Data section start
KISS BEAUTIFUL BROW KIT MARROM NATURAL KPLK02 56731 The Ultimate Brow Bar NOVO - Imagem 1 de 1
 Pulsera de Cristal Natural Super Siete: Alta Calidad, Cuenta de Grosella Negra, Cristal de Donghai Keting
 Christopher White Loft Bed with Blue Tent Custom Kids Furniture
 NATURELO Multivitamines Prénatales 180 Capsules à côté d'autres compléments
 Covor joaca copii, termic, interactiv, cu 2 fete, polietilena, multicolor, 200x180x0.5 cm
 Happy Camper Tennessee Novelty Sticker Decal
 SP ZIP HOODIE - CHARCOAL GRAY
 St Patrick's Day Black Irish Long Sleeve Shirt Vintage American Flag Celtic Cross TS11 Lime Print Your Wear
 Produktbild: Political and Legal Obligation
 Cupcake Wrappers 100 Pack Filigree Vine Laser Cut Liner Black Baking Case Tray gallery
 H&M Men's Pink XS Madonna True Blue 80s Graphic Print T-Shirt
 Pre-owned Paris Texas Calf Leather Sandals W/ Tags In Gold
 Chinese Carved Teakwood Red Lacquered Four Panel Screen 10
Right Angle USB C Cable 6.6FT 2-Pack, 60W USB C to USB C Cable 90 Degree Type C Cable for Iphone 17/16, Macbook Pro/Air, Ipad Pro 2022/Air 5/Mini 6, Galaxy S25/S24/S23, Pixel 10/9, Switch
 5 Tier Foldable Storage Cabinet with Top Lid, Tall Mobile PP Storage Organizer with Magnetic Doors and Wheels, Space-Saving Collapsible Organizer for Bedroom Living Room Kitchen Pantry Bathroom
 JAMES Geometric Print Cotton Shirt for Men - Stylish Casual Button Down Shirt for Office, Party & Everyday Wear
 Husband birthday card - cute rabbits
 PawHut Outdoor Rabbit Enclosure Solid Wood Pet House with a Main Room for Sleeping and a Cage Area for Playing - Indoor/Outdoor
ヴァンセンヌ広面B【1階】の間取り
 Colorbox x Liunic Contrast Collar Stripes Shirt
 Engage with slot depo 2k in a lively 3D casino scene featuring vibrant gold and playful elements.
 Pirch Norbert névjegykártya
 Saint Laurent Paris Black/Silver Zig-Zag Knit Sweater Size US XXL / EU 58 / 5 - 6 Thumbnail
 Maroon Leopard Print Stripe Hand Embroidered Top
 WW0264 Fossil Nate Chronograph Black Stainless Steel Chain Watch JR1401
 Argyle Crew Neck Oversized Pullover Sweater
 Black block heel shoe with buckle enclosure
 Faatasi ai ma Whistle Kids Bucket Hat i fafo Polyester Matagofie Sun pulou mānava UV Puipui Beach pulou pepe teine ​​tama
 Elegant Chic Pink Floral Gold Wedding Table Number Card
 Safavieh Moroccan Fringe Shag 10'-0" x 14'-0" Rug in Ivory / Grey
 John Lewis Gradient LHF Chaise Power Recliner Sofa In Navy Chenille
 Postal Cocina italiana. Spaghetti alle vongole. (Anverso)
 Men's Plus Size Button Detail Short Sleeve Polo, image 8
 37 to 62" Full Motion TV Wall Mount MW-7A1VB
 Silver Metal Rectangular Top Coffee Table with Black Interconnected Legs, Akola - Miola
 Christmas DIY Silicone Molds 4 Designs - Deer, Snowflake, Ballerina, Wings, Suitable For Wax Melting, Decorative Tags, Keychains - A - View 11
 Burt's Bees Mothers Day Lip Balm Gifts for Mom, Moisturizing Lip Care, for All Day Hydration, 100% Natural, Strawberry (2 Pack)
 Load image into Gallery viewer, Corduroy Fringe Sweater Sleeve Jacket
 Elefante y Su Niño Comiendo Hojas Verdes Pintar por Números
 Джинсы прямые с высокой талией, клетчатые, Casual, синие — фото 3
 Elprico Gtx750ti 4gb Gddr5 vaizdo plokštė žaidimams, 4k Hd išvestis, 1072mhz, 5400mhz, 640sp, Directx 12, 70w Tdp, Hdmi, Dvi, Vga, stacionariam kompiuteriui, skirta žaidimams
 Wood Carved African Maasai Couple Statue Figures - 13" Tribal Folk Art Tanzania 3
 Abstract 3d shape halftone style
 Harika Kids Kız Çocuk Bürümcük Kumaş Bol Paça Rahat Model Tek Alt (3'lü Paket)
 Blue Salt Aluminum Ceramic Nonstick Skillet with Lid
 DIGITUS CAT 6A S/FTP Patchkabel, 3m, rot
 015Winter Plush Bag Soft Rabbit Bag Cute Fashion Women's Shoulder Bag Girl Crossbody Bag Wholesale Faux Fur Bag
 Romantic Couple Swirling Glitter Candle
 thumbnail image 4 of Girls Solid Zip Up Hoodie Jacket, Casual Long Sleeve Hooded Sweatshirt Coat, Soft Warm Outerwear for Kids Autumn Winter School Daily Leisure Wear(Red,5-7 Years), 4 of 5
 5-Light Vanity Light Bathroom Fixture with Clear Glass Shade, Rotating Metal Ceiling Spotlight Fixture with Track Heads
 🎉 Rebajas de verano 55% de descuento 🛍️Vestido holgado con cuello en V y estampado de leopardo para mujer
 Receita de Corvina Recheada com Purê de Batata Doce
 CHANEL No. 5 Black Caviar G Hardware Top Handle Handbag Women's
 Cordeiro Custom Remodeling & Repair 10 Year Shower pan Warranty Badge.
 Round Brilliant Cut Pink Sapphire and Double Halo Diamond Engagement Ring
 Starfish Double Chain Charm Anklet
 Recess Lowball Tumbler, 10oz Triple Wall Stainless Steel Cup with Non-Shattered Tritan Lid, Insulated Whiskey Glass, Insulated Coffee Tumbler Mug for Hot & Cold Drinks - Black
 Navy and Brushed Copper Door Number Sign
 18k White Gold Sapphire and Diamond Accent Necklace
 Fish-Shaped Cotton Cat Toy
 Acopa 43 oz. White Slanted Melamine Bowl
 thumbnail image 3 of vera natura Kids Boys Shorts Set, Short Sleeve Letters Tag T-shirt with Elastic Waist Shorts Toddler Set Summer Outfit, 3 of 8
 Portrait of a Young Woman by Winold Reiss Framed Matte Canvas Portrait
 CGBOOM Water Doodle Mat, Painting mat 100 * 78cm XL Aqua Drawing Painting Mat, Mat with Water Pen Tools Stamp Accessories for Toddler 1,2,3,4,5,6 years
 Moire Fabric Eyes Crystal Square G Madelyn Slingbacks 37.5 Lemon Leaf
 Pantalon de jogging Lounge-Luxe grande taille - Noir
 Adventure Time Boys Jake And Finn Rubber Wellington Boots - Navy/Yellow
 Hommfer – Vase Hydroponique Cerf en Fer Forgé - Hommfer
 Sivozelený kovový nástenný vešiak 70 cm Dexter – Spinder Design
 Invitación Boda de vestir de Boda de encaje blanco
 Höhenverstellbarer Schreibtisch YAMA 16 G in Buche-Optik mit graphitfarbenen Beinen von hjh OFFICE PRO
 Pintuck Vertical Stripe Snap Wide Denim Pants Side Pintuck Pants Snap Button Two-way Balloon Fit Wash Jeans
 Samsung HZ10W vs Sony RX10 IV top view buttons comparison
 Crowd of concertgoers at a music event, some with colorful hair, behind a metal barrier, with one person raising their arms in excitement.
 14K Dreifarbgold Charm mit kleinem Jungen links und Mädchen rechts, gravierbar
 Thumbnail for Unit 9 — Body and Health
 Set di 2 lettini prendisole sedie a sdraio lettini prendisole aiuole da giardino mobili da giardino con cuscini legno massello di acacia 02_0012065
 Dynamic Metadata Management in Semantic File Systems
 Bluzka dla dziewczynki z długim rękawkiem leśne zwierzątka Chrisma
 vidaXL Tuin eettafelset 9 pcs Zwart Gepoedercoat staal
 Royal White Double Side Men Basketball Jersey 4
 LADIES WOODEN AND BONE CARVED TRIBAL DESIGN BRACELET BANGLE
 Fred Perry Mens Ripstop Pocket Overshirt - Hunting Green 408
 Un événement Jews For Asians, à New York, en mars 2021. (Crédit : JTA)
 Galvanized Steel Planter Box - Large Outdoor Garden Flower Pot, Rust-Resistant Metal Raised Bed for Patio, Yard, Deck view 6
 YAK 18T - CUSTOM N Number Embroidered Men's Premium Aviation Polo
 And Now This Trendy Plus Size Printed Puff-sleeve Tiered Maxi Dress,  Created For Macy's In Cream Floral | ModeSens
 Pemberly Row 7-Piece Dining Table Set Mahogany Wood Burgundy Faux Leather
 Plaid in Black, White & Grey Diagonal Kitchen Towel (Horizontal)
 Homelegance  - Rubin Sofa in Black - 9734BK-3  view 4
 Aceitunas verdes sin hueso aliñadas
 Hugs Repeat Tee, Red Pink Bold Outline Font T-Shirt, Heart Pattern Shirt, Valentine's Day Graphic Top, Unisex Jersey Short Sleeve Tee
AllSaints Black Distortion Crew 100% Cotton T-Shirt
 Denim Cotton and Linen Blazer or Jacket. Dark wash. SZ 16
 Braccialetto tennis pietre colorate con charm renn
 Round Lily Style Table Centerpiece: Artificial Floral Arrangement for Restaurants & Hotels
Data section end
Return from the data every line that holds "Kids".

 Christopher White Loft Bed with Blue Tent Custom Kids Furniture
 Faatasi ai ma Whistle Kids Bucket Hat i fafo Polyester Matagofie Sun pulou mānava UV Puipui Beach pulou pepe teine ​​tama
 Harika Kids Kız Çocuk Bürümcük Kumaş Bol Paça Rahat Model Tek Alt (3'lü Paket)
 thumbnail image 4 of Girls Solid Zip Up Hoodie Jacket, Casual Long Sleeve Hooded Sweatshirt Coat, Soft Warm Outerwear for Kids Autumn Winter School Daily Leisure Wear(Red,5-7 Years), 4 of 5
 thumbnail image 3 of vera natura Kids Boys Shorts Set, Short Sleeve Letters Tag T-shirt with Elastic Waist Shorts Toddler Set Summer Outfit, 3 of 8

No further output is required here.